ASG Group, Capgemini, Citrix, Dimension Data, DXC Technology, Empired, Fuji Xerox Australia, Hills, IBM, Ingram Micro, MYOB, NEC, Netcomm Wireless, NextDC, SAP and Vodafone are some of the businesses who paid no tax in the 2017 financial year.
The report lists Australian public and foreign-owned corporate tax entities with a total income of $100 million or more and Australian-owned resident private companies with a total income of $200 million or more.
In this year's list there were 2159 companies and the total amount of tax paid was $45.7 billion.
Some of the nil payments can be explained by losses such as the one suffered by Dimension Data during the reported period.
Even though the company reported revenue of $1.2 billion, it closed 2017 with a $16.5 million loss after tax.
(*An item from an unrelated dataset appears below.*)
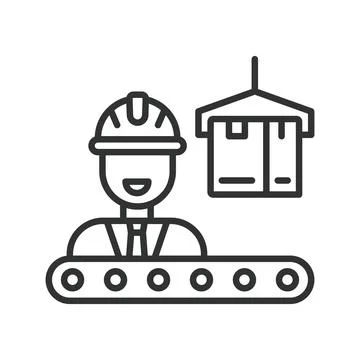 Factory operator, icon in line design. Factory, operator, worker, machinery Stock-Illustration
As previously reported, the company received a tax benefit amounted to $5.3 million in 2017.
Publicly-listed distributor Hills also closed 2017 with a net loss of $7.9 million. Vodafone generated $3.46 billion in revenue but closed the 2017 financial year with a $177.8 million net loss.
A Vodafone spokesperson explained that for the financial year ended 31 December, 2016, its total cash contribution to government was $242 million, including $88 million direct tax contributions and spectrum licence payments.
"Corporate tax is calculated based on profits, not revenue, and is only a small part of the tax contribution for any business. There are also numerous ways other than tax used by government to collect revenue from business activities, with significant revenue raised from telecommunications companies via spectrum auctions and spectrum licence payments," said the spokesperson.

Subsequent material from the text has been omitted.